Towards a parametric Kalman filter for operational wildfire plume assimilation: Formulation of the forecast step
Abstract. This study introduces a simple parametric Kalman Filter (PKF) specifically tailored to the requirements of operational air quality data assimilation under highly uncertain emissions like wildfire smoke events. Operational smoke plume assimilation systems require fast, yet accurate error estimations to represent the large, case-dependent and spatio-temporally varying uncertainties. The PKF offers a computationally efficient alternative to existing ensemble approaches, where the dynamics of error parameters (such as error standard deviations) are explicitly evolved numerically at a fraction of the cost of ensemble-based methods. This study focuses on the forecast step of the PKF by evolving error standard deviations in the Canadian operational air quality model GEM-MACH. It includes the following three steps: 1) theoretical derivation of forecast dynamics tailored to near-surface air quality applications with uncertain emissions, 2) implementation into the GEM-MACH modeling system, 3) application to surface PM2.5 in eastern Canada during a wildfire episode in July 2023.
The theoretical investigation conducted in this study suggests that error standard deviation is a more suitable parameter than error variance for operational models. This is due to improved process-understanding, numerical accuracy, and a simpler form of the forecast equation that can be implemented with minor modifications of the forecasting model. Implementing diffusion and emission processes of errors in a state-of-the-science atmospheric model for the first-time demonstrates their sensitivity to other error parameters, state error correlation and emission error, respectively. Although the setup of the error forecast remains highly simplified, the case study results show significant impacts on hourly PM2.5 analysis increments compared to the operational setup. These differences can be related to the ability of the simple PKF to attribute large analysis increments to highly uncertain areas like wildfire plumes far away from observation locations. Thus, spreading sparse observation information much more efficiently in a highly case-dependent and anisotropic way only though improved variance fields.
This manuscript developed a series of theoretical derivation for background error standard deviation (BESD) from processes including advection, vertical diffusion, point emission etc. These dynamic BESD has case-dependent and anisotropic features. There are two major issues in this manuscript. The theoretical derivation used some assumptions, like “assuming concentration errors at emission locations to be highly correlated to local emission errors” (line 661). This assumed condition is usually valid only for short-lived species emitted from isolated point sources, such as SO2 or NOx from power plants. Applying this assumption to wildfire aerosols needs some justifications, considering that PM2.5 aerosols are relatively long-lived species and the impact of upstream emissions could be significant, especial for the forest fires where the fire spots are usually adjacent. Other important factors, such as fire plume rises, were not mentioned. The changed BESD should also affect the assimilation in elevated layers, but this study and discussion are limited in surface PM2.5 only, without touching anything about aerosol optical depth, an important wildfire plume indicator. Another issue is that this manuscript lacks observation-based verification, and study period is too short. The case study application (section 4) only shows the one-day BESD and analysis increment (June 06, 2023), compared with the operational setup. There is no evaluation using observations.

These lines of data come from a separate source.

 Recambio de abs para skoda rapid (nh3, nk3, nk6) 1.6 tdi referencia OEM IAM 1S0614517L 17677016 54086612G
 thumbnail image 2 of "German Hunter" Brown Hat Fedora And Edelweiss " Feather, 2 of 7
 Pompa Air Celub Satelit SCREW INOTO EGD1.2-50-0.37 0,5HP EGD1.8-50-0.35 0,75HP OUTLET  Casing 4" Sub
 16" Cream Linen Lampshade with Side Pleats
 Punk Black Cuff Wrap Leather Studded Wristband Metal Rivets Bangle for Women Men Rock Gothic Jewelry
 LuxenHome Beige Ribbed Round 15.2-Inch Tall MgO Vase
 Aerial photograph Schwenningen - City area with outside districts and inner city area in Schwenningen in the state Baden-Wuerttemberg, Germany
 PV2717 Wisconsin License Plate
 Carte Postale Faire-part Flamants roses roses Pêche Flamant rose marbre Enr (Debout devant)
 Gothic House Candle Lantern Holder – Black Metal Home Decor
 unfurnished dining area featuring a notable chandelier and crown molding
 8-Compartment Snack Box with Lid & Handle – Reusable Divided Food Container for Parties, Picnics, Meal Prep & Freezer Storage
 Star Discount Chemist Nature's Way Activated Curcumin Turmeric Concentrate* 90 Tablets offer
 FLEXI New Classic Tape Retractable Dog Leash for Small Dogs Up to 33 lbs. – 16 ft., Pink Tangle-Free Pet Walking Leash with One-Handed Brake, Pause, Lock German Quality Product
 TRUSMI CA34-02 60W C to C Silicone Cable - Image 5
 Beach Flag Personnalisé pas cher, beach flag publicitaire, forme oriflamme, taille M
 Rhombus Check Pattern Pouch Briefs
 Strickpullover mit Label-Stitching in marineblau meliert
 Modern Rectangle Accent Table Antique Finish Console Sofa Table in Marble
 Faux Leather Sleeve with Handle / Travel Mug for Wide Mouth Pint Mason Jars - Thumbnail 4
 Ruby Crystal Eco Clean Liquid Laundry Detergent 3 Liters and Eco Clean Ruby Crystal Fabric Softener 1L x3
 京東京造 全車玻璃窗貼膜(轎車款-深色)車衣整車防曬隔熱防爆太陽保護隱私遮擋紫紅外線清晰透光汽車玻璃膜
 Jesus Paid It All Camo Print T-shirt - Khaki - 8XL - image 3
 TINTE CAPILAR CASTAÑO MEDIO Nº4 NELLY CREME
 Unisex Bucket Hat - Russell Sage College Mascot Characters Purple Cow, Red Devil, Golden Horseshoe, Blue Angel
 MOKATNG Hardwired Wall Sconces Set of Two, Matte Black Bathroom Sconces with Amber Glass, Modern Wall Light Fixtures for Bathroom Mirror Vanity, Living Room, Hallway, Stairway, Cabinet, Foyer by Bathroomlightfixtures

Here are some specific comments.
Section 2.1. For the advection of error field, how to consider the wind field error? This derivation assumes no error on meteorological field. However, in real situation, this error should exist.
Section 2.2 The vertical diffusion of errors only consider the simplest K-theory diffusion. For big wildfire, the plume rise and convection could be the major factor affecting the pollutant’s vertical distribution.
Section 2.3 As the wildfire spots are usually adjacent, the simple assumption of local emission determining local PM2.5 concentrations could have issues.
Section 3.1 Insufficient detail on model configuration (e.g., resolution, chemistry scheme, boundary conditions, emissions treatment).
Section 4. The case study is only limited to one-day event, and there is no direct evaluation against observations.